Real estate investors can take the advantage of 1031 exchange to ‘avoid’ capital gains tax. The idea is to help investors buy and then sell the property without being subjected to the tax bill. This method is completely legit and legal, as long as you do it by the rules.
If you are able to do this 1031 exchange properly, you can enjoy the great benefits to the highest level, maximizing your investment profits.
More about 1031 Exchange
1031 Exchange originates from US Internal Revenue Code, Section 1031. Real estate investors are able to avoid paying the capital gains tax bill when they sell the investment property and then reinvest the money (from the sale) in another property (or properties) within the certain time limits. The property can be similar to the one they have before or even higher in value.
In order to do this exchange, you will need an intermediary, and a qualified one would be crucial. It can be a company or a person that is willing to help with the 1031 exchange. Their main responsibility is to hold the funds.
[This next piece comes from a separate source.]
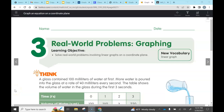Hello everyone, I'd like to welcome you to this video titled Real World Problems Graphing. I want you to get out your math book, pencil, and math journal, and turn to page 137 in your math book.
So, the transaction flow would be like this: Let’s say that you own a property that wants to sell yours so you can get a new property with equal or even greater value. After you manage to sell the property, the money (from the sales) must be sent to the intermediary. When you buy a new property, then the intermediary would transfer the money to the seller.
Basically, the qualified intermediary would be responsible for keeping (or holding) the money until it can be sent to the seller (of that of replacement property). It would be better if the intermediary has no formal relationship with the related parties being involved in the exchanging property.
Reasons for Doing 1031 Exchange
As an investor, it’s pretty understandable if you want to maximize your gain from your investment. There are several reasons why investors want to do 1031 exchange:
- You own an investment real estate and you want to have an already managed property instead of having to manage one yourself.
- You are looking for a property with better return future or prospects. It’s also possible that you want to diversify your assets.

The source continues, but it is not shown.